# Lost Creek Reservoir 7/26



## Skullanchor (Jul 29, 2008)

Hello, This is my first post. All this time i never realized the DWR forum went private after it disbanded. I went to lost creek with my kayak. I caught 6 fish during the day, i lost probably 4 more(one i seen and it was every bit the size of the one in the pictures). I'm new to kayak fishing (this was my maiden voyage) but i used my usual secret for success at lost creek, small line, small hook, and lime green power bait close to the bottom. I have to say i am "hooked" on kayak fishing, I caught the biggest rainbow i ever caught there. Every fish you catch feels like a whale and believe it or not its not that bad paddling against the wind in the afternoon. 
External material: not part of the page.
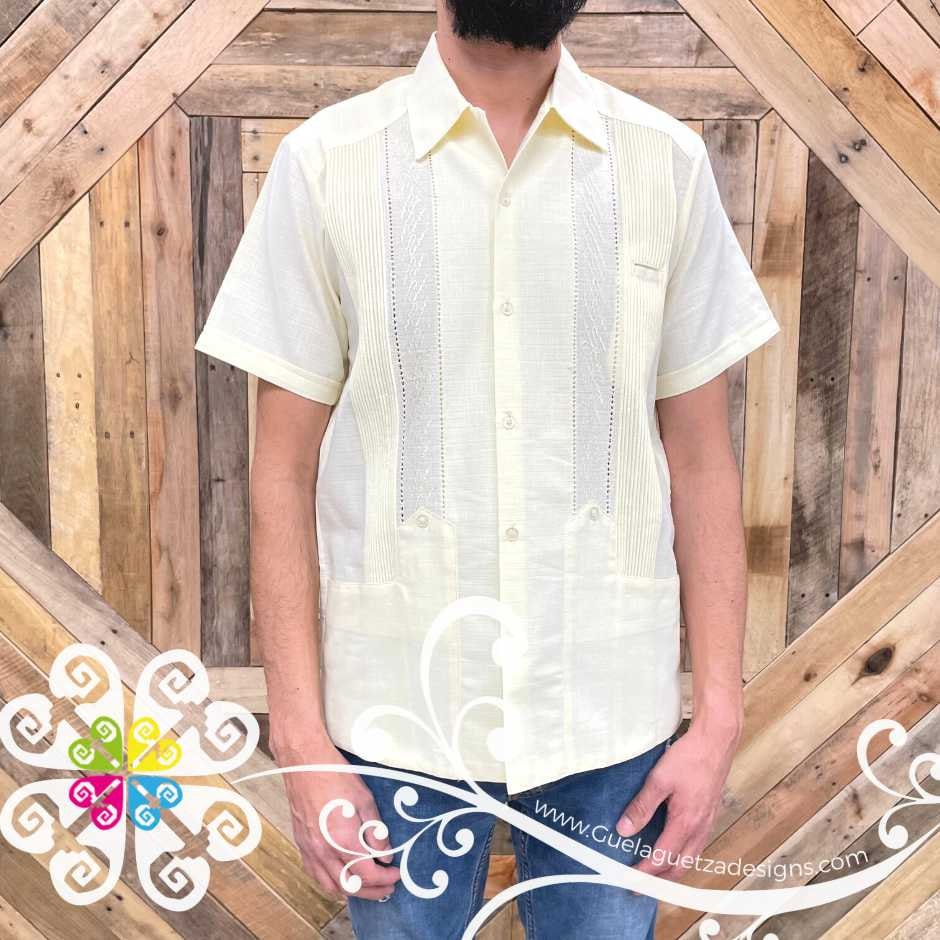 Playeras guayaberas online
i was tossing them back, looking for a fine dinner till i landed this one and that ended my search. take care, and good luck fishin

-skullanchor


----------



## REPETER (Oct 3, 2007)

Wow that's a hog  Glad you found us. Welcome!


----------



## Skullanchor (Jul 29, 2008)

REPETER said:


> Wow that's a hog  Glad you found us. Welcome!


Thanks, Glad to be here


----------



## LOAH (Sep 29, 2007)

Wow, that's a chunky bow. Good catch.

Glad the kayak worked out for you.

BTW- Welcome to the forum! Thanks for posting.


----------



## orvis1 (Sep 7, 2007)

Thanks for the report! That was sure a healthy one you got there...


----------



## Grandpa D (Sep 7, 2007)

Good to see you found us.
Thanks for the trip report.
You may also want to take the kyack to Causey Reservoir.
It is also wakeless up there and the Kokanee are comming on right now.


----------



## Guns and Flies (Nov 7, 2007)

Nice fish! Welcome to the forum, thanks for sharing the picture, that is a great fish.


----------



## takemefishin (Sep 13, 2007)

Welcome to The Forum

Thank you for taking the time to post your fishing report i enjoyed reading it and i found it to be very helpful.


----------



## Skullanchor (Jul 29, 2008)

Thanks for the warm welcome all, I'll likely be heading up to causey this weekend. I wanted to go last sunday but i figured it would be crazy up there during the pioneer days weekend, not to mention my muscles were feeling it that day from lost creek haha.

Good luck everyone


----------



## Crash (Mar 20, 2008)

Welcome. Nice looking bow there. It is always nice to catch a hog like that.


----------



## luv2fsh&hnt (Sep 22, 2007)

I caught one up there earlier this year about the same length as yours but he was about twice as thick.He weighed in between 3-3 1/2 lbs on my cheap littlle spring scale.There are some real toads in that often overlooked fishing hole.Plus the wakeless rule is a huge bonus for fisherman.


----------